** DATA IN THIS EXERCISE **
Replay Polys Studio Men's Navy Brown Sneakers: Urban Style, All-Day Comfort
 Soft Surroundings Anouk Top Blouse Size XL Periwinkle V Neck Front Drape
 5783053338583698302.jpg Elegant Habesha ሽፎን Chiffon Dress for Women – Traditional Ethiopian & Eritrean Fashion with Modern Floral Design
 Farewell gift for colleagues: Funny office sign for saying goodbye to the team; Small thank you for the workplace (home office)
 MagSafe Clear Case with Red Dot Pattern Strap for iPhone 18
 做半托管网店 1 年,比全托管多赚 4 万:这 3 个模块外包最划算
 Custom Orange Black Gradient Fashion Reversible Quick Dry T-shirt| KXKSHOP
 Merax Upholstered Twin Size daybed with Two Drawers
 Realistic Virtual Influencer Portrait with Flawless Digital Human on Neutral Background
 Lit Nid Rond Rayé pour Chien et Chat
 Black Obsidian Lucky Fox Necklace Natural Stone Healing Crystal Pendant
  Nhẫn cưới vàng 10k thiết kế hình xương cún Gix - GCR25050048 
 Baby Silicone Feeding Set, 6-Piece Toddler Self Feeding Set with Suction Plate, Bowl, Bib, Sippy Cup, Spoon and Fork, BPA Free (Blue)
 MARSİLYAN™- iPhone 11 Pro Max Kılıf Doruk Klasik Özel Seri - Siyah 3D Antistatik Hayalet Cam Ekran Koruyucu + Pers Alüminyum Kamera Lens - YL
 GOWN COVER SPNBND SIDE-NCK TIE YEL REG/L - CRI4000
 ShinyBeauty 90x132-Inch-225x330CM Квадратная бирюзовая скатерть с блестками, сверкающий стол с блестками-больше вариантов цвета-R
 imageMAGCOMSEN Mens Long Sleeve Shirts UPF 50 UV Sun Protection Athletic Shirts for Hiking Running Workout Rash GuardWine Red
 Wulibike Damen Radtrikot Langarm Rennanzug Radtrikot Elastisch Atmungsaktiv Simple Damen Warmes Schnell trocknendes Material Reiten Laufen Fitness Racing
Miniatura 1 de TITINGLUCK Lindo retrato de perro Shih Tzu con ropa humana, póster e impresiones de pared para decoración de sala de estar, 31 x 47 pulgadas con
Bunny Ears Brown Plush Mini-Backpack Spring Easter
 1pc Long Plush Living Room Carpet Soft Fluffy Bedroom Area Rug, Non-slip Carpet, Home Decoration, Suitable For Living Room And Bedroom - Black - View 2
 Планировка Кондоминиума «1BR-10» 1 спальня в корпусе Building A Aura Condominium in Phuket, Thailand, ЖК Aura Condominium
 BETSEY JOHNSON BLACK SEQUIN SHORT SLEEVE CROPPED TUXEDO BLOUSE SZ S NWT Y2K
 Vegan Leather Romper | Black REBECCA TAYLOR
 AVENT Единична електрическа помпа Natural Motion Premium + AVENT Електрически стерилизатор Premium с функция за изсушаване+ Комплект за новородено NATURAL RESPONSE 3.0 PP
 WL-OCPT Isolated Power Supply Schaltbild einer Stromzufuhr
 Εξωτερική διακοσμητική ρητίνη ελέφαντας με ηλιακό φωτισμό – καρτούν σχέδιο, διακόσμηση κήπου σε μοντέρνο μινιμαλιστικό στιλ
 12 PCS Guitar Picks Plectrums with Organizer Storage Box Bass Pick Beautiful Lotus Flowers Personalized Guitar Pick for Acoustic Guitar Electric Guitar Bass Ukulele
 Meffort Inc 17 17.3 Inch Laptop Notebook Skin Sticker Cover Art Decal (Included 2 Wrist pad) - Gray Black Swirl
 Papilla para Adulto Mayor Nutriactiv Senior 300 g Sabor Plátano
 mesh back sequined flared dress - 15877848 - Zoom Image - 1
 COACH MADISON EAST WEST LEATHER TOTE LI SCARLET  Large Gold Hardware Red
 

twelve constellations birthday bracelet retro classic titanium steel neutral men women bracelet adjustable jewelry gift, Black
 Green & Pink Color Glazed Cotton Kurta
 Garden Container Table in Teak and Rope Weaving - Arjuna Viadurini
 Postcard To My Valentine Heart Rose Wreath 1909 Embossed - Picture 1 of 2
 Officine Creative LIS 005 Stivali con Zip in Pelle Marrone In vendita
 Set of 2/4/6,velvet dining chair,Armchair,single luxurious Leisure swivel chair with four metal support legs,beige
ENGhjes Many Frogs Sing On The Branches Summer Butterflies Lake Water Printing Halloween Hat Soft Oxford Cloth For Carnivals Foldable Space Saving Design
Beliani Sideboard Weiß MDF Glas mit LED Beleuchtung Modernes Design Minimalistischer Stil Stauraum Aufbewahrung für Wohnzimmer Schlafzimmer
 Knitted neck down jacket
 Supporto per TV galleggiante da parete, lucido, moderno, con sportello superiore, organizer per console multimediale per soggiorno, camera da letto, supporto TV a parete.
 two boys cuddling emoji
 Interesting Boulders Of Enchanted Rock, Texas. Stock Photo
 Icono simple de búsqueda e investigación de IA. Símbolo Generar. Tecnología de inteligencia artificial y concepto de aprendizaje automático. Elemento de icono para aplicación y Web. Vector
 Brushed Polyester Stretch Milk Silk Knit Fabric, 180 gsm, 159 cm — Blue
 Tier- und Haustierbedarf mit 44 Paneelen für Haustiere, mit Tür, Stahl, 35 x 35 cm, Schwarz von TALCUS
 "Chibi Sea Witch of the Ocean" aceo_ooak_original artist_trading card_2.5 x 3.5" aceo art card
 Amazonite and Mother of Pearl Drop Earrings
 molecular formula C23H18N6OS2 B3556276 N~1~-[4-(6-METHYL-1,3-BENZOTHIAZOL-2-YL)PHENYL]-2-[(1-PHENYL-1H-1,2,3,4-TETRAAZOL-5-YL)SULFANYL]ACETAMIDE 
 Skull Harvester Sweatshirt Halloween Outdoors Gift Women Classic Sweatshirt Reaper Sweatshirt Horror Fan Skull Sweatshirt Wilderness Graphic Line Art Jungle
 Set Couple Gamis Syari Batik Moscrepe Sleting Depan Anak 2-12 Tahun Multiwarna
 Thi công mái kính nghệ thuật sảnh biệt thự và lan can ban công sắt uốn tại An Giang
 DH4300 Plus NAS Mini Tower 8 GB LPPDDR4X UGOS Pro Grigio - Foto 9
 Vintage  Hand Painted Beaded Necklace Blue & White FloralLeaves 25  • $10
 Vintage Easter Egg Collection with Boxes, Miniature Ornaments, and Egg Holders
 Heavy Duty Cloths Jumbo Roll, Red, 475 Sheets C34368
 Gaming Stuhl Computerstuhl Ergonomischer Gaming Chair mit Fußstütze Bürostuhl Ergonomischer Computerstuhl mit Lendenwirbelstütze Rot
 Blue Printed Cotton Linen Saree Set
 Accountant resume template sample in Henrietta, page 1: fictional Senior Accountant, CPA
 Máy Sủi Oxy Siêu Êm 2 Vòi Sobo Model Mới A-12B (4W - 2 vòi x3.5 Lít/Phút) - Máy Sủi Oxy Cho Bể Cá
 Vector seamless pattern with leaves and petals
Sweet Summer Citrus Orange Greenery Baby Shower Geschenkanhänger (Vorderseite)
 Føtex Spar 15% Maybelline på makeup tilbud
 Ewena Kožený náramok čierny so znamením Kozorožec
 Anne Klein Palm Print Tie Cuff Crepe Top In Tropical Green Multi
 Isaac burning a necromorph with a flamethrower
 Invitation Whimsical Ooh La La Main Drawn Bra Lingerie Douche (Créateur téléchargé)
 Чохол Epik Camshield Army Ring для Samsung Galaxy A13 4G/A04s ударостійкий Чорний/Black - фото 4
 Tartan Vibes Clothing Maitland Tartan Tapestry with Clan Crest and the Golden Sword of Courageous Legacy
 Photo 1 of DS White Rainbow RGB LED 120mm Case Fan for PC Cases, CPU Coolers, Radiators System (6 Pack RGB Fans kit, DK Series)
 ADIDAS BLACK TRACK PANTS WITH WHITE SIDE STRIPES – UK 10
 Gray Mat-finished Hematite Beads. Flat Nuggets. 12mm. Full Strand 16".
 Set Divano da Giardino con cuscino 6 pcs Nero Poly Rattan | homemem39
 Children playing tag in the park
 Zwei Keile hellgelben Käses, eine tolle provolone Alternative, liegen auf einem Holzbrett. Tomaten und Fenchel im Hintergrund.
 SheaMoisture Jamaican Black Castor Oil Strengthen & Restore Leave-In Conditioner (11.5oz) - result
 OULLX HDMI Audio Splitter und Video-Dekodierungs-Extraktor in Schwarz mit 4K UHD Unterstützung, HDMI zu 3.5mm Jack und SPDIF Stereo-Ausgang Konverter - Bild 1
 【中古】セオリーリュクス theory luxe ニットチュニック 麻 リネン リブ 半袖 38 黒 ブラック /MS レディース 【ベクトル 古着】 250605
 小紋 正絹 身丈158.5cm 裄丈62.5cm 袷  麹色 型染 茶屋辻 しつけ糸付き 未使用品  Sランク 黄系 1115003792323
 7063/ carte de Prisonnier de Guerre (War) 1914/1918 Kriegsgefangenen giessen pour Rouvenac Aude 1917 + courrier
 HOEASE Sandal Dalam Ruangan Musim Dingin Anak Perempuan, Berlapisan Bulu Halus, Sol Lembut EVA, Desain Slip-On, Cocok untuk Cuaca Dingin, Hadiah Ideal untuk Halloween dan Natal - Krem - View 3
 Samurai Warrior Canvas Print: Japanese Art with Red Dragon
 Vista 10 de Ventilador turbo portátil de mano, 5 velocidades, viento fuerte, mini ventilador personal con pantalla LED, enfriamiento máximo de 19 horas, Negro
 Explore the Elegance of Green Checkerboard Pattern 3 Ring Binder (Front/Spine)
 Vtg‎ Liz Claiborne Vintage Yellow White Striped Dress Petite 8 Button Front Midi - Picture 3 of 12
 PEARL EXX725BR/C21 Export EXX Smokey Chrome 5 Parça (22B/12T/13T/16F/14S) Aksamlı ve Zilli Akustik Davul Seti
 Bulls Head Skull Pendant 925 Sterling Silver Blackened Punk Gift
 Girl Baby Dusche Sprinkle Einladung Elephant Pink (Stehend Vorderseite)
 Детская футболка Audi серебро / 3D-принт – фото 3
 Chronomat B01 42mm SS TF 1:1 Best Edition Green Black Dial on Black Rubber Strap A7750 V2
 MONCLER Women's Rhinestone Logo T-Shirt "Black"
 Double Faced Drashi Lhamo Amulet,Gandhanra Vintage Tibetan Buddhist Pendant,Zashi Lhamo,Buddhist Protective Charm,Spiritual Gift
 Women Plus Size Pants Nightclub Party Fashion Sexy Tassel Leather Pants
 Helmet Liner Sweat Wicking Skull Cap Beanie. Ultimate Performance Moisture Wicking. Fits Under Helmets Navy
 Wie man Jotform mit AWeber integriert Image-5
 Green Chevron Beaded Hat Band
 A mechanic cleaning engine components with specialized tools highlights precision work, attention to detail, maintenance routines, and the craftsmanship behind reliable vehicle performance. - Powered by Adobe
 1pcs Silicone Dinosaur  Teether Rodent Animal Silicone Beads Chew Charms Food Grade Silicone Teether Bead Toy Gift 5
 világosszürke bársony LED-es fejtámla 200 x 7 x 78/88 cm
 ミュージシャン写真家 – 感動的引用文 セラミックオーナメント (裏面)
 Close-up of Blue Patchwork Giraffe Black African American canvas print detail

** EXERCISE AIM **
Reading through the records above, report each line in which the string "Vector" is found.

** SOLUTION TO THIS TASK **
 Icono simple de búsqueda e investigación de IA. Símbolo Generar. Tecnología de inteligencia artificial y concepto de aprendizaje automático. Elemento de icono para aplicación y Web. Vector
 Vector seamless pattern with leaves and petals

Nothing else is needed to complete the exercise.